Member of the Montana Senate
- In office 1980–2000

Personal details
- Born: Dorothy Fritz January 23, 1924 Sequim, Washington, U.S.
- Died: September 23, 2017 (aged 93) Bozeman, Montana, U.S.
- Party: Democratic
- Spouse: Hugo Eck
- Relations: Diana L. Eck (daughter)
- Children: 1
- Education: Montana State University (MS)
- Occupation: Politician

= Dorothy Eck =

American politician

Dorothy Eck (née Fritz; January 23, 1924 - September 23, 2017) was an American politician in the state of Montana. She served in the Montana Senate from 1980 to 2000. Eck was also active in feminist movements including the League of Women Voters and served as a delegate to the 1972 Montana Constitutional Convention.

==Life==
Born Dorothy Fritz on January 23, 1924, she grew up with two sisters in Bremerton, Washington, where their father was Union Oil station manager. In 1946, she married Hugo Eck, and they moved to Bozeman, Montana, where Hugo taught architecture. Eck received her MS in applied science from Montana State University. The couple had two children. Her daughter Diana Eck is a Harvard professor of comparative religion.

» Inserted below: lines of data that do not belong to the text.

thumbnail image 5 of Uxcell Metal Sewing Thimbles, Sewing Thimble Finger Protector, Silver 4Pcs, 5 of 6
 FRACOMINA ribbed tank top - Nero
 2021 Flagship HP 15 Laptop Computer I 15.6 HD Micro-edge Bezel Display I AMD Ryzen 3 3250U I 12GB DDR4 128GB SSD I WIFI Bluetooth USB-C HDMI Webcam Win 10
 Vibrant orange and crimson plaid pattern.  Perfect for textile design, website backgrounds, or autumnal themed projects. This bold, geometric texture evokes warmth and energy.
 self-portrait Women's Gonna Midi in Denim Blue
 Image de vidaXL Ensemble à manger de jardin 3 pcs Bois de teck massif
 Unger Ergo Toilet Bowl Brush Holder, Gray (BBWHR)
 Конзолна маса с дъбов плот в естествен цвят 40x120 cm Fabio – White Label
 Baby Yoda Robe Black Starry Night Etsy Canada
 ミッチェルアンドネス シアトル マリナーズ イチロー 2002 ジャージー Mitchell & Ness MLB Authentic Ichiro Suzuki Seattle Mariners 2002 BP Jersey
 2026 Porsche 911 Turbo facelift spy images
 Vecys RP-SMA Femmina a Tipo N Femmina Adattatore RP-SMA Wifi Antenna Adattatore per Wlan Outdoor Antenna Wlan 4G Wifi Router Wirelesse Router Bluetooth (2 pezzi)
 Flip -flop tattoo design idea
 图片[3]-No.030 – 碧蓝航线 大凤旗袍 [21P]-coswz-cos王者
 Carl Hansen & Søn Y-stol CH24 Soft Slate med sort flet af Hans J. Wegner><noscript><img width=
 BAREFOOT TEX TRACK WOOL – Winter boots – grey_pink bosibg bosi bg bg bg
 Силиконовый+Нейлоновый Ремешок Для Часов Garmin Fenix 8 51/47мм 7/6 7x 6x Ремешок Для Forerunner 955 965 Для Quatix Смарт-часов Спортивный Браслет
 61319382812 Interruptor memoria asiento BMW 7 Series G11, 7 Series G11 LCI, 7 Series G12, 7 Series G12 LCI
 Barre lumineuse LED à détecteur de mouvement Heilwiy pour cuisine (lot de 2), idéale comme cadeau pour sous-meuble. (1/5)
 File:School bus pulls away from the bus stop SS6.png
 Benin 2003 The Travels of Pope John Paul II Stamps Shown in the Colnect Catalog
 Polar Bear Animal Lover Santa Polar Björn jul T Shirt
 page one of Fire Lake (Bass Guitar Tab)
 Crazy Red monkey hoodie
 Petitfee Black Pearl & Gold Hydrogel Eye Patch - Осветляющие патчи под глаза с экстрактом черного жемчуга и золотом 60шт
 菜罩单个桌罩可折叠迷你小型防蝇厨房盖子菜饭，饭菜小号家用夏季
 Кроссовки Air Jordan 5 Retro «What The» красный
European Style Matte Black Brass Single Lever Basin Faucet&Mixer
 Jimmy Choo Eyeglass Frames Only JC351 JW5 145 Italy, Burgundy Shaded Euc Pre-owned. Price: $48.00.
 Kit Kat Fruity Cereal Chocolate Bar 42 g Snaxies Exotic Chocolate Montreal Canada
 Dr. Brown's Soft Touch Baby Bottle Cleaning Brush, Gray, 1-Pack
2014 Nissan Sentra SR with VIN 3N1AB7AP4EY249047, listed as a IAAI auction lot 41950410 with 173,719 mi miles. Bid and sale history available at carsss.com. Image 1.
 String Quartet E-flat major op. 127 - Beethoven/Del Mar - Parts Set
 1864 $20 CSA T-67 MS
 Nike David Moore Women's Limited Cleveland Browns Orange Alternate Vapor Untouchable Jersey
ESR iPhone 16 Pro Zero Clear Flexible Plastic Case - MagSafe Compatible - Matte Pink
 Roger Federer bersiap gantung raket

Eck became active in the Bozeman League of Women Voters and became state president of that organization. She was elected as a delegate to Montana's 1972 Constitutional Convention and served as the western vice chair. She championed articles protecting Montanans' right to privacy, equal rights for women, and Indian Education for All. After the convention, she traveled with fellow delegates Betty Lee Babcock and Daphne Bugbee on a campaign to convince voters to ratify the new constitution. Eck served as a Democrat in the Montana Senate from 1980 until 2000.

Eck died at her home in Bozeman on September 23, 2017.